100 mila barili al giorno e un piano di riconversione partito già lo scorso anno, per far diventare la Raffineria Eni di Gela, uno dei più imponenti impianti green di Sicilia e d’Italia.
In contrada Piana del Signore, lo stabilimento, che già dal 2013 è dedicato alla produzione di diesel e non più di benzine e polietilene, diventerà presto punto di riferimento europeo per i biocombustibili.

Ci vorranno però due anni per riavviare la produzione, interrotta già lo scorso marzo, a seguito della riconversione degli impianti, che a compimento del 2017 dovrebbero iniziare a funzionare ad olio di palma e Guayule per diesel eco-compatibile e bio-guaine anallergiche.
L’accordo raggiunto la scorsa settimana, ha permesso così la salvaguardia di circa 3.500 posti di lavoro.

Dopo la selva di polemiche scatenata a seguito dell’eventuale chiusura dello stabilimento, arriva quindi la firma del Ministro per lo Sviluppo Economico Federica Guidi.

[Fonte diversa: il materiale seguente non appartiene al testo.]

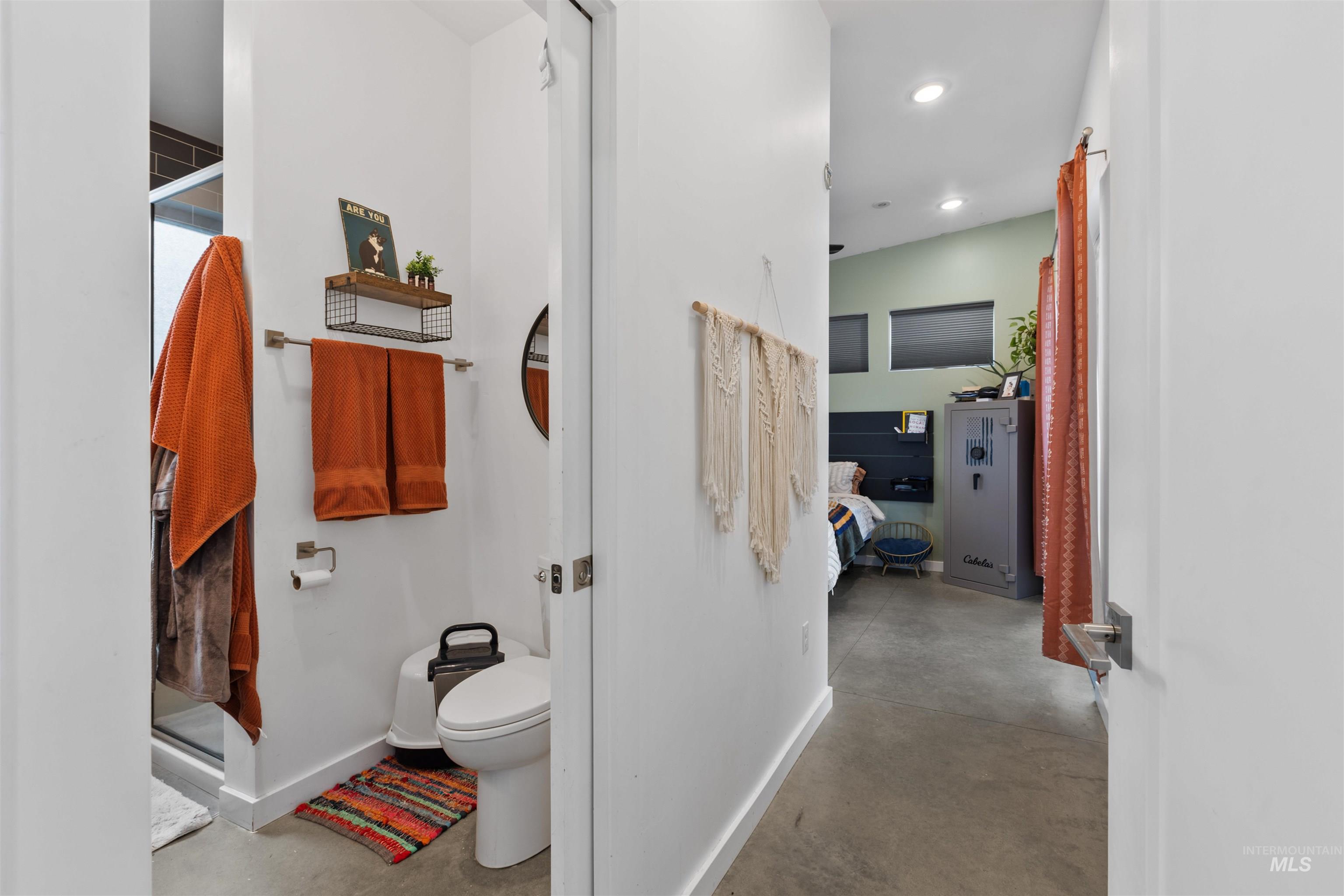 Bathroom featuring a stall shower, connected bathroom, concrete flooring, and recessed lighting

A sottoscrivere il testo anche la Regione Sicilia, nella figura del Presidente Rosario Crocetta, il Sindaco di Gela Angelo Fasulo, e Claudio Descalzi, Amministratore Delegato di Eni, oltre al Presidente della Raffineria di Gela Claudio Zacchigna, Confindustria Sicilia, e alle molteplici organizzazioni sindacali ed Rsu.

«Saranno due anni di difficoltà», dichiara Paolo Pirani, segretario generale della Uiltec.
Il piano industriale prevede un investimento complessivo di 2,2 miliardi di euro, per una capacità produttiva di 750 mila tonnellate annue.
A dispetto di quello che si potrebbe pensare, l’Italia ha aperto le porte alle bioraffinerie, ben prima di quanto non volesse farlo l’Europa.

È arrivato già infatti un anno fa il no del nostro Paese, assieme a quello delle Nazioni del Benelux e della Danimarca, che impediva l’uso di biocarburanti poco ‘verdi’, ricavati cioè da risorse alimentari, a favore di combustibili di seconda generazione, ovvero quelli derivati da colture non destinati alla produzione di cibo o scarti agricoli.

«Riteniamo troppo alta la soglia del 7%, – ha commentato l’allora sottosegretario allo Sviluppo economico, Claudio De Vincenti, a seguito del vertice svoltosi presso il Consiglio UE nel dicembre dello scorso anno – è necessaria una soglia per i biocarburanti di seconda generazione, per la quale abbiamo proposto il 2,5%»; come nel caso dei 15 ettari da poco inaugurati, della raffineria M&G che sorge nel piemontese.

Presso lo stabilimento M&G di Crescentino, anche un’area dedicata allo stoccaggio delle biomasse in paglia di riso e canna di gentile; l’impianto è inoltre del tutto autosufficiente, con ben 13 MW di energia ricavati dall’utilizzo di lignina, materia prima dei biocarburanti, dovrebbe arrivare a produrre ben 75 milioni di litri di bioetanolo l’anno.